# [What is needed]
Print exactly what appears from the line containing "Arcobaleno Appartamenti – photo 13" through the final line of the data below, pictures excluded.
-- Records to use follows --
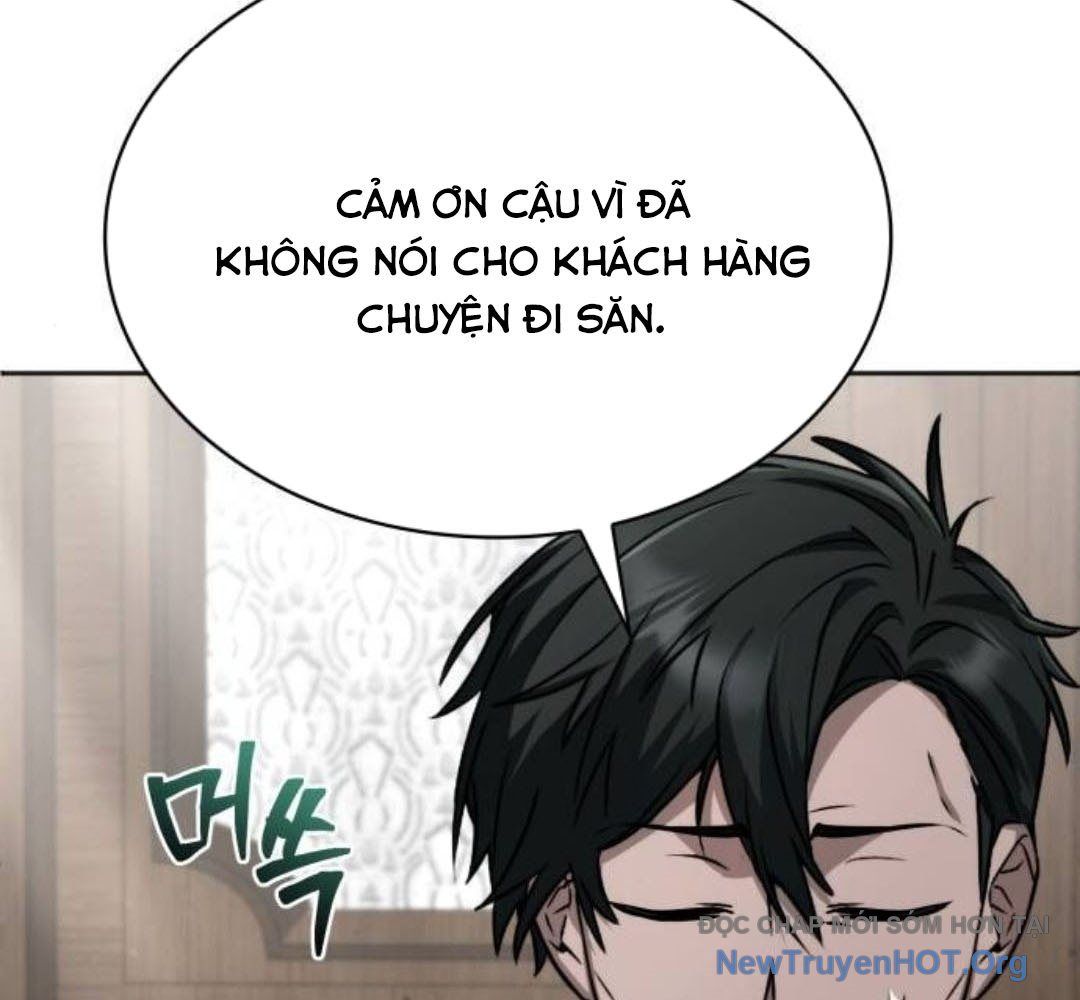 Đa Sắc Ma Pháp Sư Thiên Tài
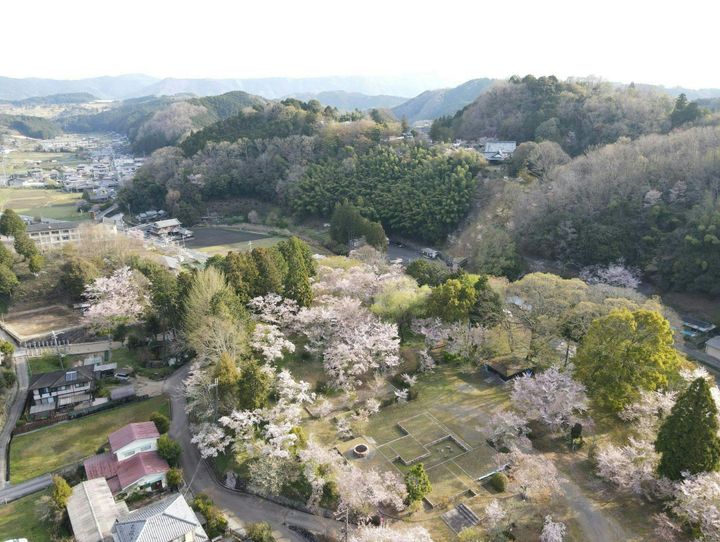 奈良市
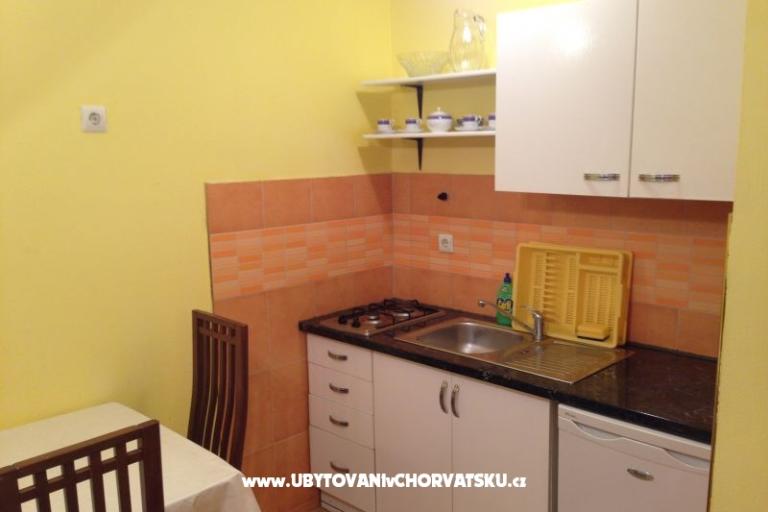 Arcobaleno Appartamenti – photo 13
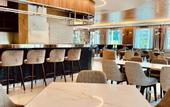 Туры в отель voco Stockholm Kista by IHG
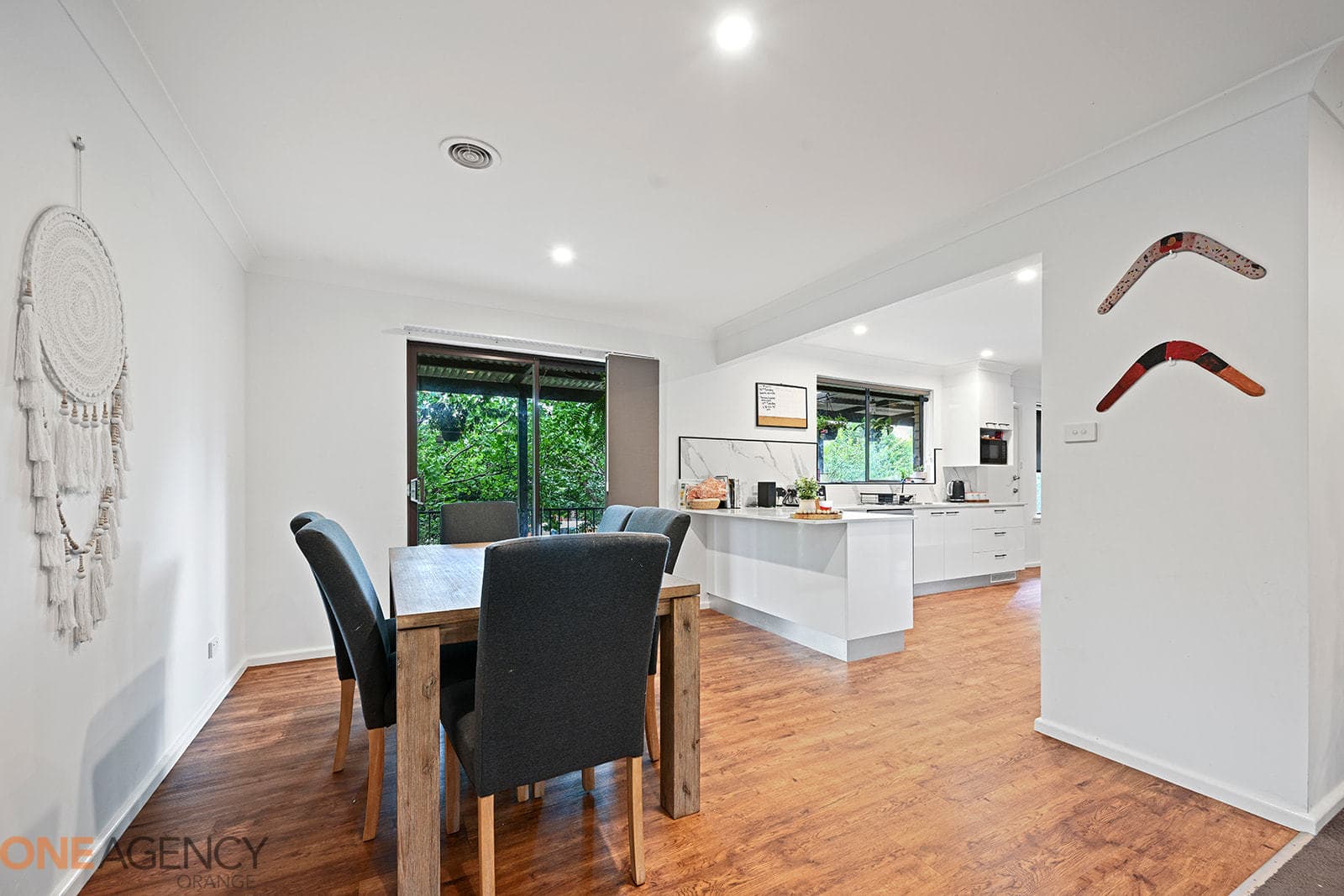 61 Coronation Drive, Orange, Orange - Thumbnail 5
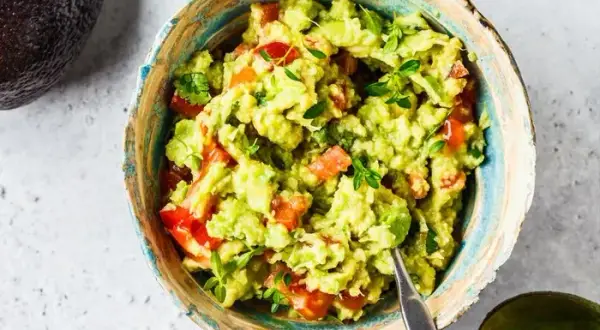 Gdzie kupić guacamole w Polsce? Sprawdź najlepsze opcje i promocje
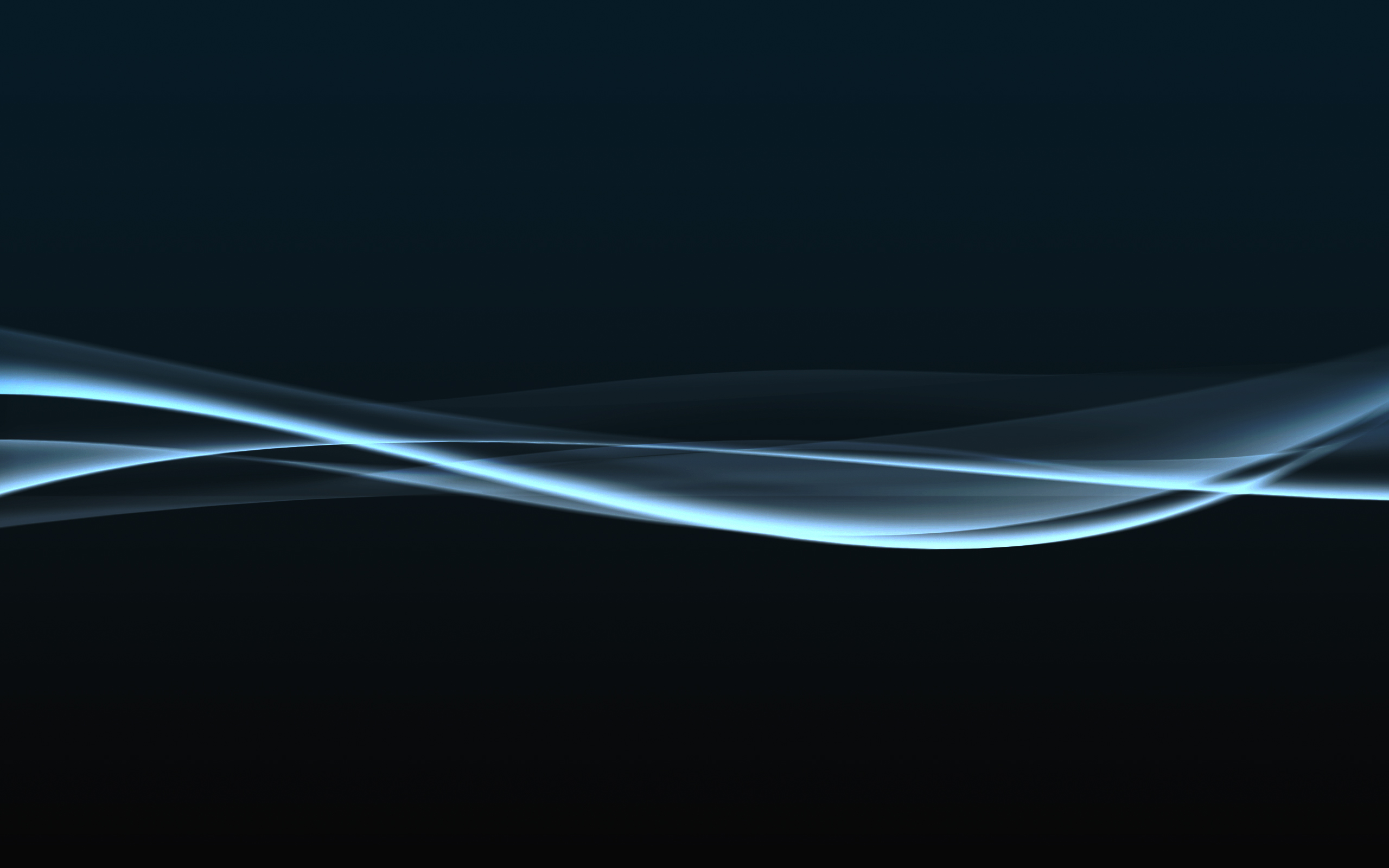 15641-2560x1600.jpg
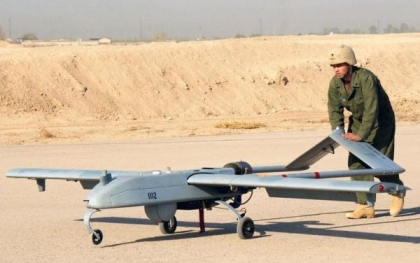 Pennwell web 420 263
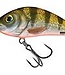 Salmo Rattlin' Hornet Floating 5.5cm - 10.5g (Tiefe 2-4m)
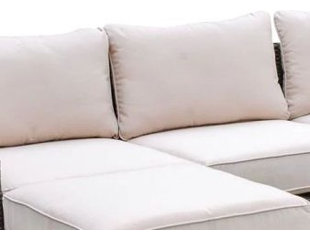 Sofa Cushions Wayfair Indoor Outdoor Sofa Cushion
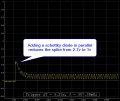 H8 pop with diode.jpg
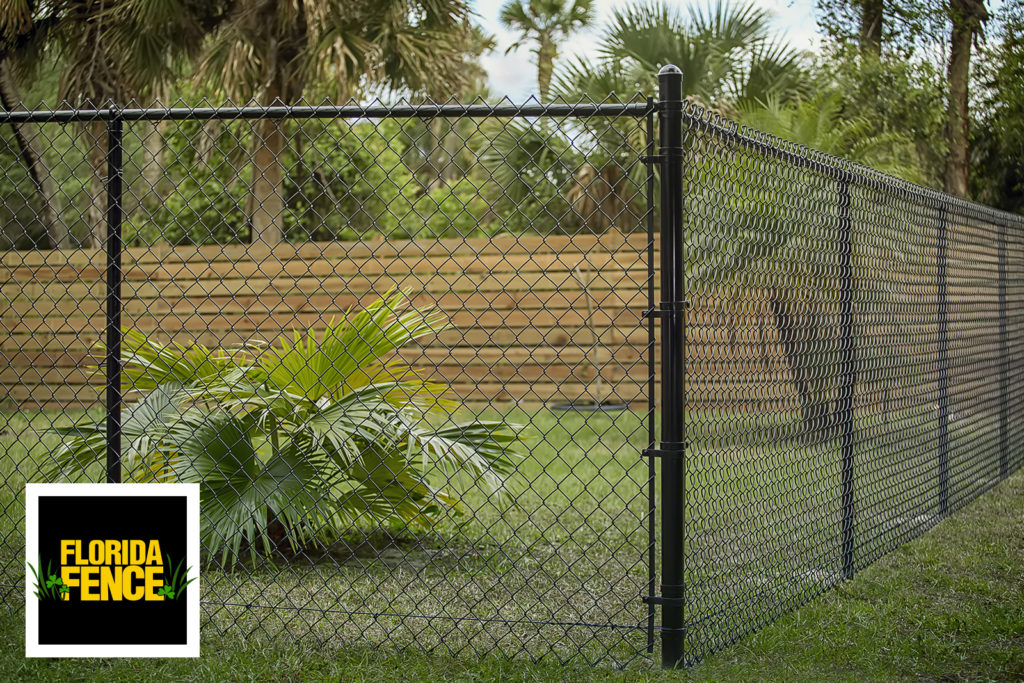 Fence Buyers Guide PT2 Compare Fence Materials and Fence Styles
-- Records to use concluded --
# [Task response]
 Arcobaleno Appartamenti – photo 13
 Туры в отель voco Stockholm Kista by IHG
 61 Coronation Drive, Orange, Orange - Thumbnail 5
 Gdzie kupić guacamole w Polsce? Sprawdź najlepsze opcje i promocje
 15641-2560x1600.jpg
 Pennwell web 420 263
 Salmo Rattlin' Hornet Floating 5.5cm - 10.5g (Tiefe 2-4m)
 Sofa Cushions Wayfair Indoor Outdoor Sofa Cushion
 H8 pop with diode.jpg
 Fence Buyers Guide PT2 Compare Fence Materials and Fence Styles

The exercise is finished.